July 25-27, 2014
University of Notre Dame London Centre
1 Suffolk Street, London, England
To mark the 250th anniversary of the birth in London of the reformer and polymath John Thelwall (1764-1832), we invite papers and panel proposals on any aspect of his diverse career, or on the medical, literary, or political life of London in his time. We are particularly interested in generating further attention to the interrelations among medical science, literature, and political culture -- a nexus to which Thelwall greatly contributed. An outspoken advocate of democratic reform and prolific poet, novelist, dramatist, journalist, and elocutionist, Thelwall was also a natural philosopher who, a generation before John Keats, attended medical lectures and operations at the London hospitals and presented innovative papers on vitality and cognition.

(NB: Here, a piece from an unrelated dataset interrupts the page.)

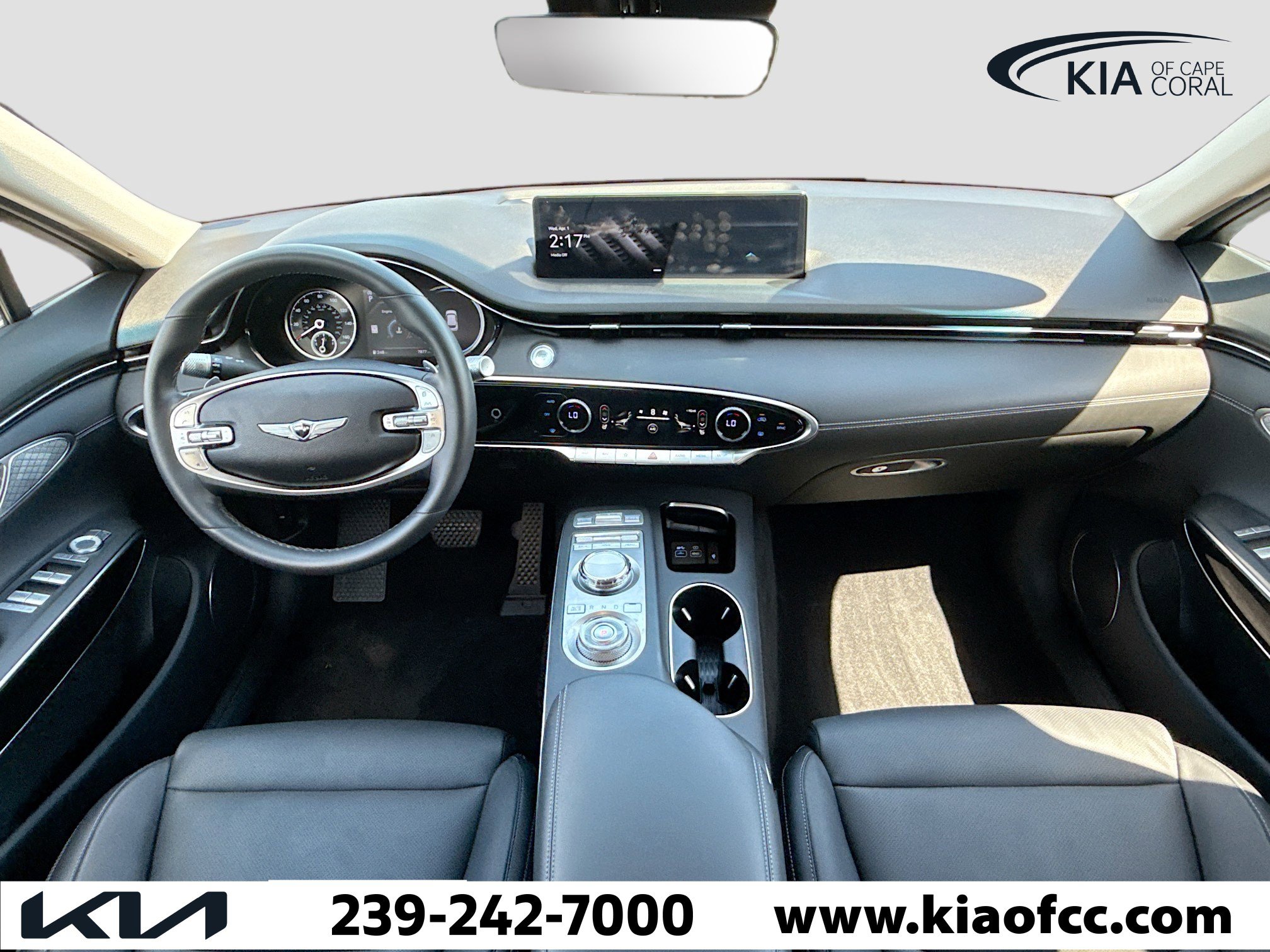 Used 2025 Genesis GV70 2.5T image 16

Keynote speakers: Sharon Ruston (Professor of English, Lancaster University), Penelope J. Corfield (Emeritus Professor of History, Royal Holloway, University of London), and Sir Geoffrey Bindman, QC.
Contributions are welcome from all disciplines and need not focus expressly on Thelwall. Topics might include (but are not limited to):
London culture, from the theatres to the debating societies to the taverns;
Radicalism and/or Westminster politics;
Medical culture, including the medico-political circles of Guy’s and St. Thomas’s hospitals, and the Royal Humane Society;
Debates over quackery, the health of the poor, the politics of scientific “performance,” and the dissection of criminal corpses;
Theories of life; the “vitality debates” of the 1790s and 1810s; emergent sciences of the mind and brain;
Thelwall’s early London connections and activities (in the law, theatre, debating, journalism, medicine, poetry, politics);
Thelwall’s life and career in London (including his political activism, imprisonment and treason trial, literature, journalism, elocutionary theory and practice).
The conference will also celebrate the formation of the John Thelwall Society and the acquisition by the University of Notre Dame of eight rediscovered letters from Thelwall to fellow reformer Thomas Hardy. Other highlights will include:
A visit to the Old Operating Theatre at Guy’s Hospital, with reception;
A 250th birthday banquet;
A pre-conference visit to the site of Thelwall’s elocutionary institute in Lincoln’s Inn Fields, the site proposed for an English Heritage “Blue Plaque” in his honor;
A pre-conference excursion in the footsteps of Thelwall’s Peripatetic, led by Judith Thompson (Professor of English, Dalhousie University).
Please submit titles and abstracts of 250-300 words to email@example.com by February 1, 2014. Proposers can expect to hear whether their abstract has been accepted by March 2014 and registration will open soon afterwards. Graduate students are invited to apply for (limited) fee-waiver and travel bursaries by including a brief explanation (250-500 words) of how their research relates to the conference themes.
The conference is made possible through the generosity of the University of Notre Dame's Institute for Scholarship in the Liberal Arts, College of Arts and Letters, Henkels Lecture Series; Nanovic Institute for European Studies; Department of English; John J. Reilly Center for Science, Technology, and Values; and History and Philosophy of Science Graduate Program; as well as the British Association for Romantic Studies.